When the American Revolutionary War began, British officials, as well as the colonial Continental Congress, sought the allegiance (or at least the neutrality) of the influential Iroquois Confederacy. The Six Nations divided over what course to pursue. Most Mohawks, Cayugas, Onondagas, and Senecas chose to ally themselves with the British. But the Oneidas and Tuscaroras, thanks in part to the influence of Presbyterian missionary Samuel Kirkland, joined the American revolutionaries. For the Iroquois, the American Revolution became a civil war.

The Iroquois homeland lay on the frontier between the Province of Quebec and the provinces of New York and Pennsylvania. After a British army surrendered after the Battles of Saratoga in upstate New York in 1777, Loyalists and their Iroquois allies raided American Patriot settlements in the region, as well as the villages of American-allied Iroquois. Working out of Fort Niagara, men such as Loyalist commander Major John Butler, Sayenqueraghta, Mohawk military leader Joseph Brant, and Seneca chief Cornplanter led the British-Indian raids. Commander-in-chief General George Washington never allocated more than minimal Continental Army troops for the defense of the frontier, and he told the frontier settlements to use local militia for their defense.

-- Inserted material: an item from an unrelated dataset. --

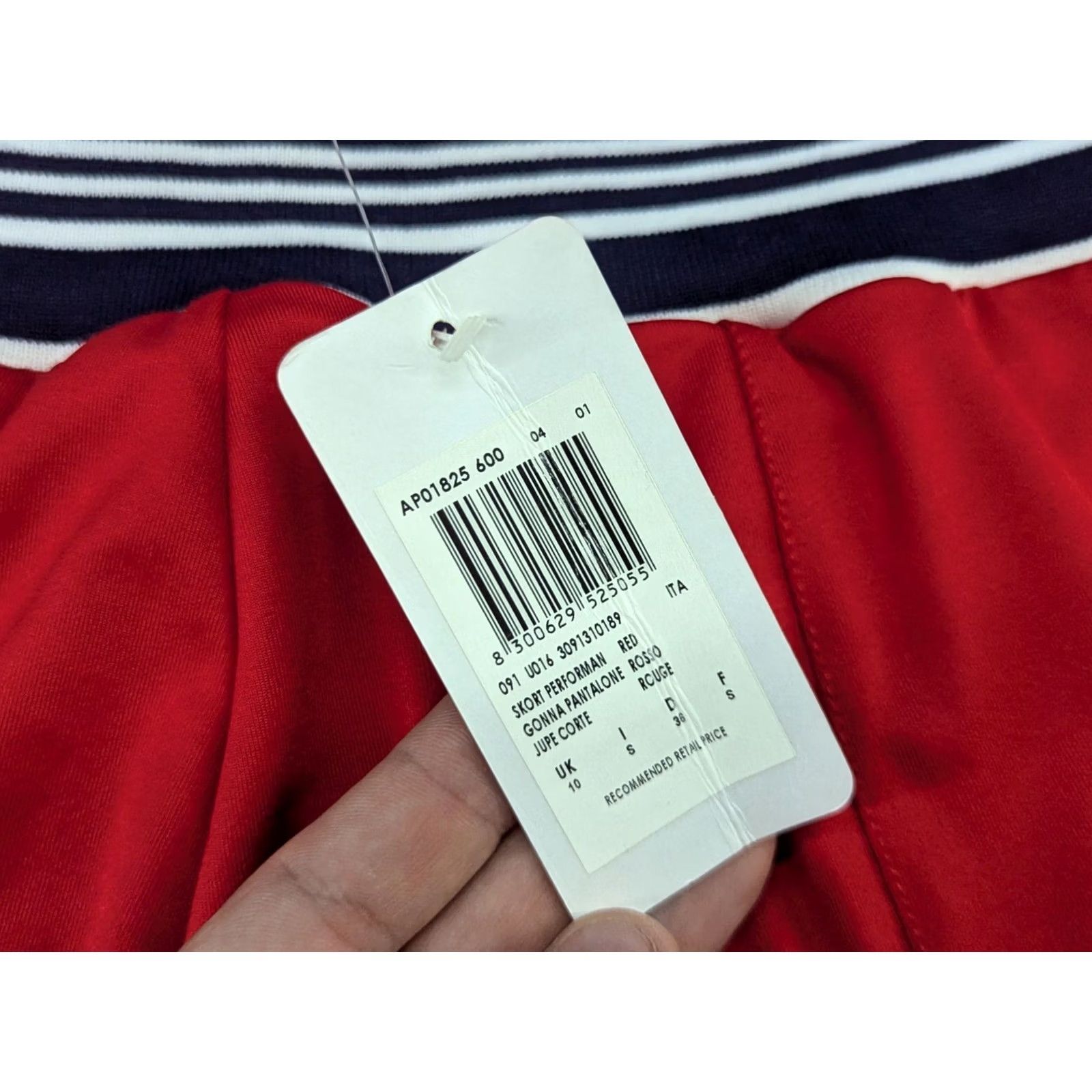 Fila BNWT VINTAGE FILA 90s Tennis Shorts Womens Size S Red Sport Size 28" / US 6 / IT 42 - 2 Thumbnail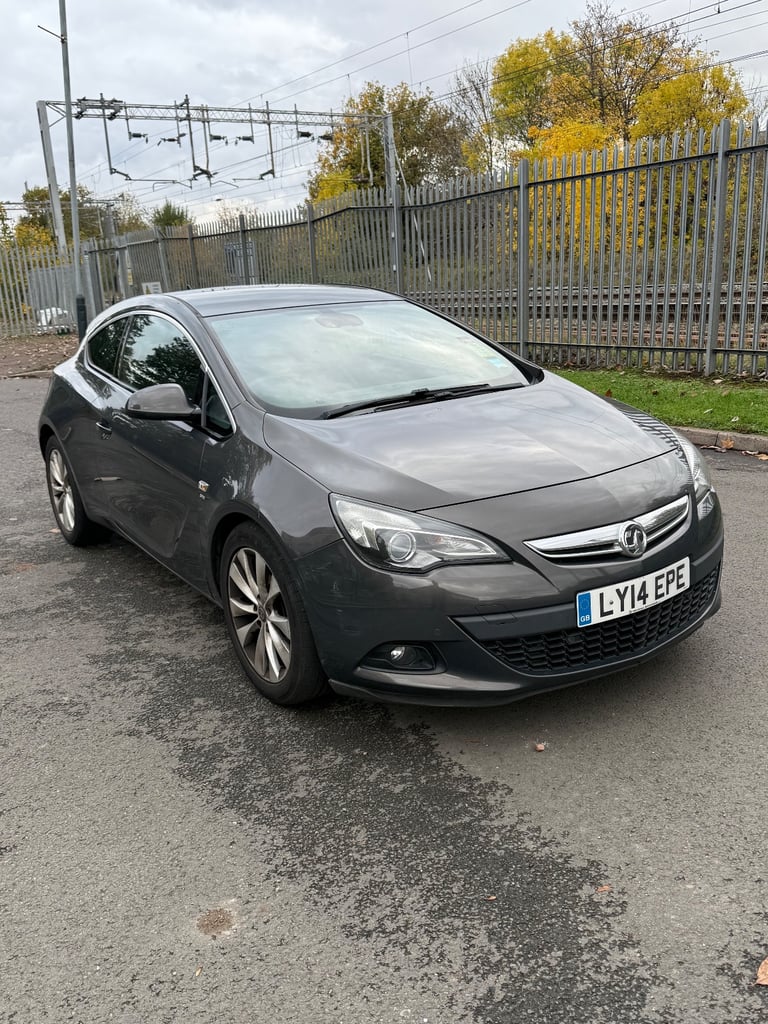 Vauxhall, ASTRA GTC, Hatchback, 2014, AUTOMATIC, 1956 (cc), 3 doors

Letter from John Sullivan, 1779

On June 10, 1778, the Board of War of the Continental Congress concluded that a major Indian war was in the offing. Since a defensive war would prove inadequate, the board called for a major expedition of 3,000 men against Fort Detroit and a similar thrust into Seneca country to punish the Iroquois. Congress designated Major General Horatio Gates to lead the campaign and appropriated funds for the campaign.[14] Despite these plans, the expedition did not occur until the following year.

On July 3, 1778, Loyalist commander Major Butler led his Rangers accompanied by a force of Senecas and Cayugas (led by Sayenqueraghta) in an attack on Pennsylvania's Wyoming Valley (a rebel granary and settlement along the Susquehanna River near Wilkes-Barre). About 300 of the approximately 375 armed Patriot defenders were killed at the Battle of Wyoming, after which houses, barns, and mills were burned throughout the valley.[15][16]

In September 1778, revenge for the Wyoming defeat was taken by American Colonel Thomas Hartley who, with 200 soldiers, burned nine to twelve Seneca, Delaware, and Mingo villages along the Susquehanna River in northeastern Pennsylvania, including Tioga and Chemung. At the same time, Joseph Brant led an attack on German Flatts in the Mohawk Valley, destroying all the houses and fields in the area. Further American retaliation was soon taken by Continental Army units under William Butler (no relation to John Butler) and John Cantine, burning the substantial Indian villages at Unadilla and Onaquaga on the Susquehanna River.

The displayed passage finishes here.